(EXERCISE)
Set down every entry exactly as it stands, omitting any picture.

Data extracted from a collection
= Beginning of Section =
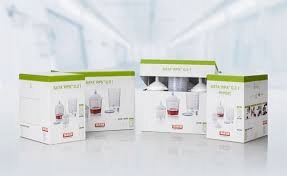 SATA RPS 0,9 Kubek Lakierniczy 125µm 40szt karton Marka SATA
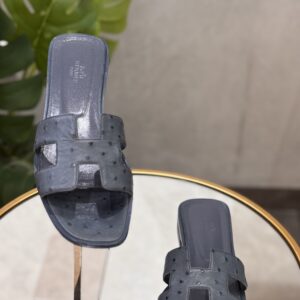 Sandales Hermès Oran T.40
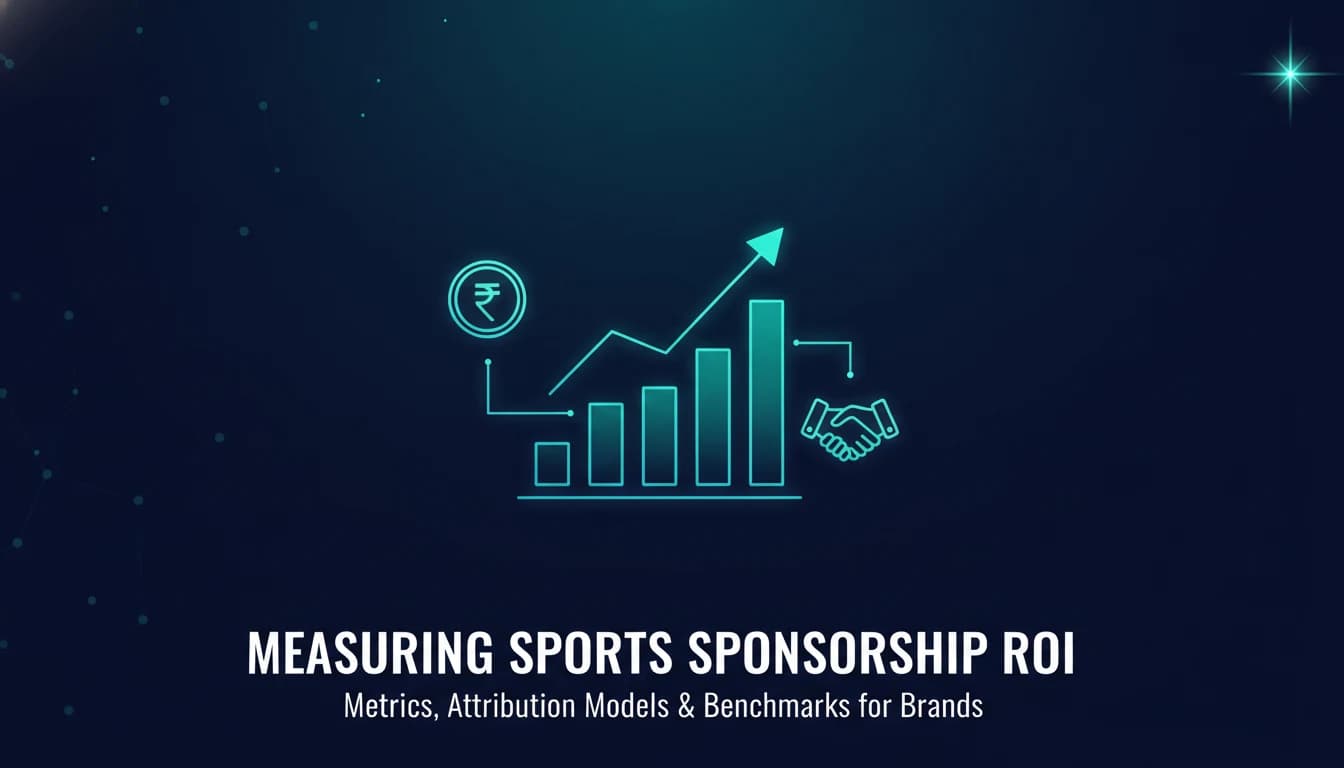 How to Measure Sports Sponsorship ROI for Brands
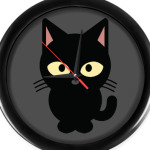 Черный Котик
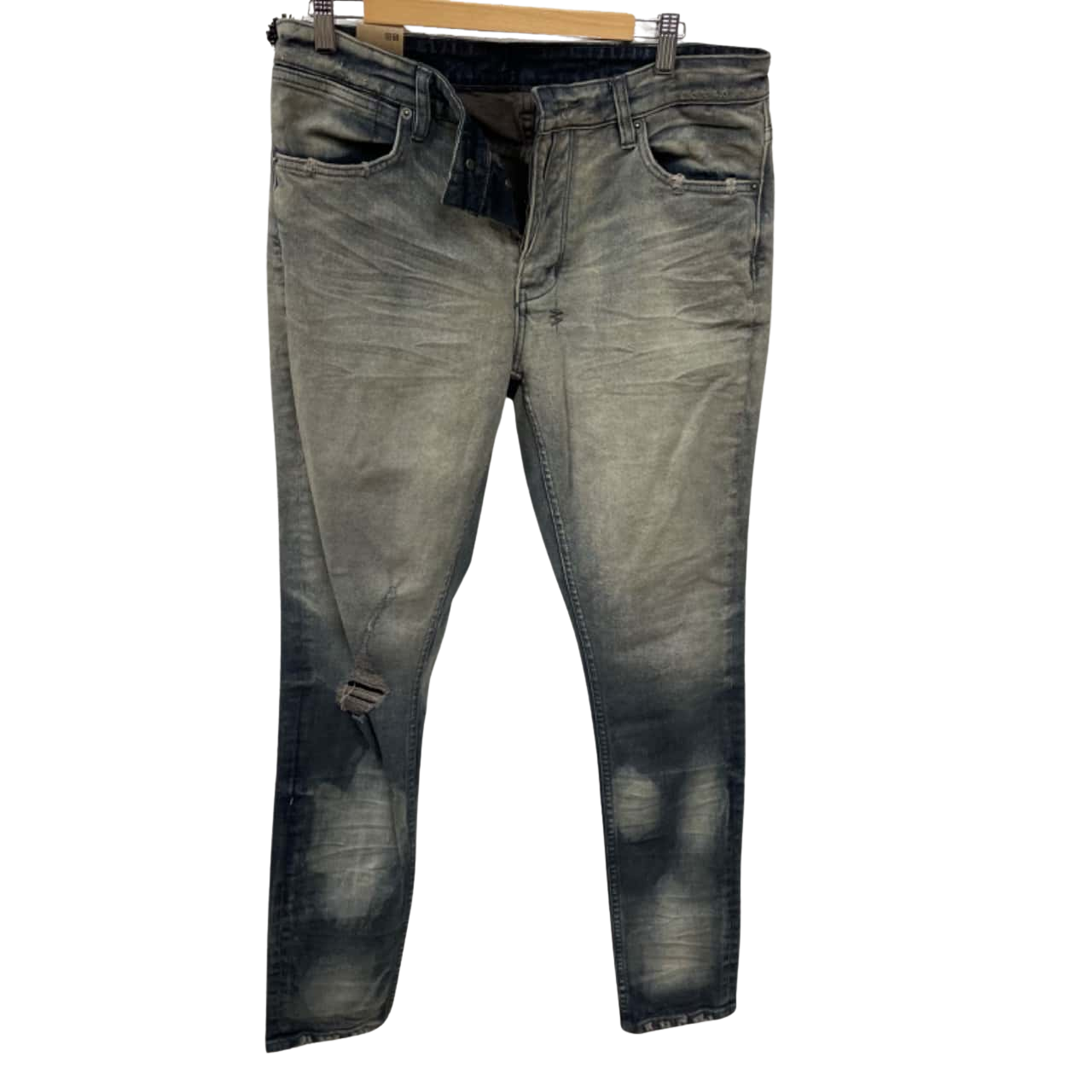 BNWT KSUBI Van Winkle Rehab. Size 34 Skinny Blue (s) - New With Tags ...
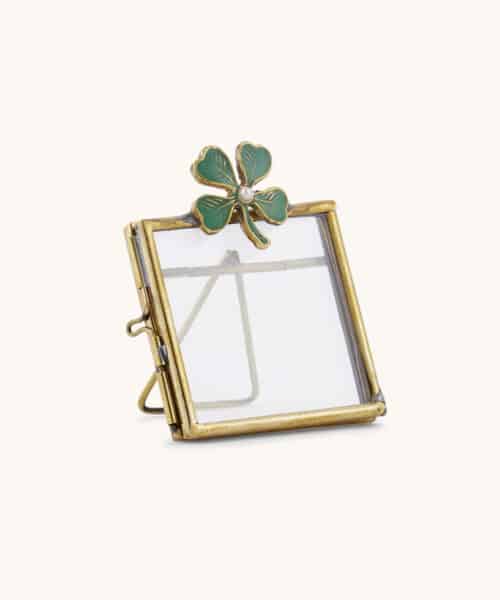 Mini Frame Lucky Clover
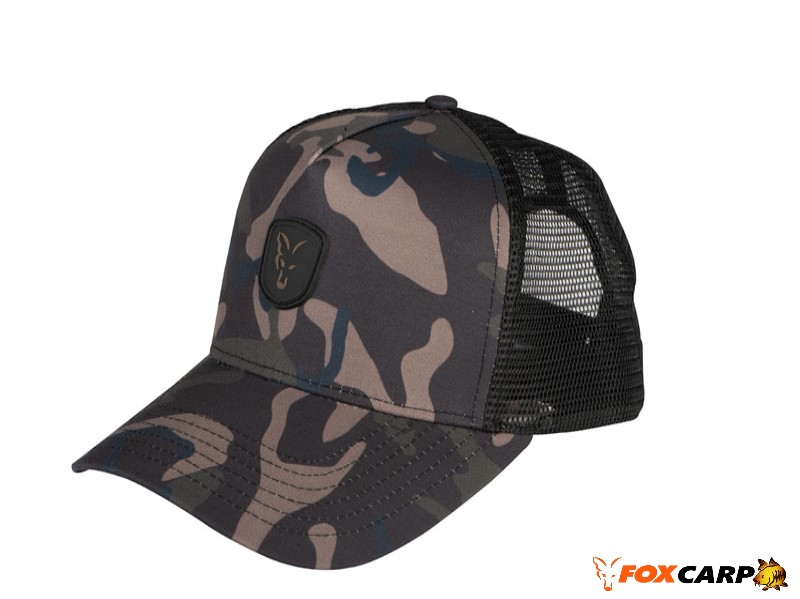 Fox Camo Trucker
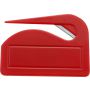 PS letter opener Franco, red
= End of Section =
(SOLVED PROBLEM)
 SATA RPS 0,9 Kubek Lakierniczy 125µm 40szt karton Marka SATA
 Sandales Hermès Oran T.40
 How to Measure Sports Sponsorship ROI for Brands
 Черный Котик
 BNWT KSUBI Van Winkle Rehab. Size 34 Skinny Blue (s) - New With Tags ...
 Mini Frame Lucky Clover
 Fox Camo Trucker
 PS letter opener Franco, red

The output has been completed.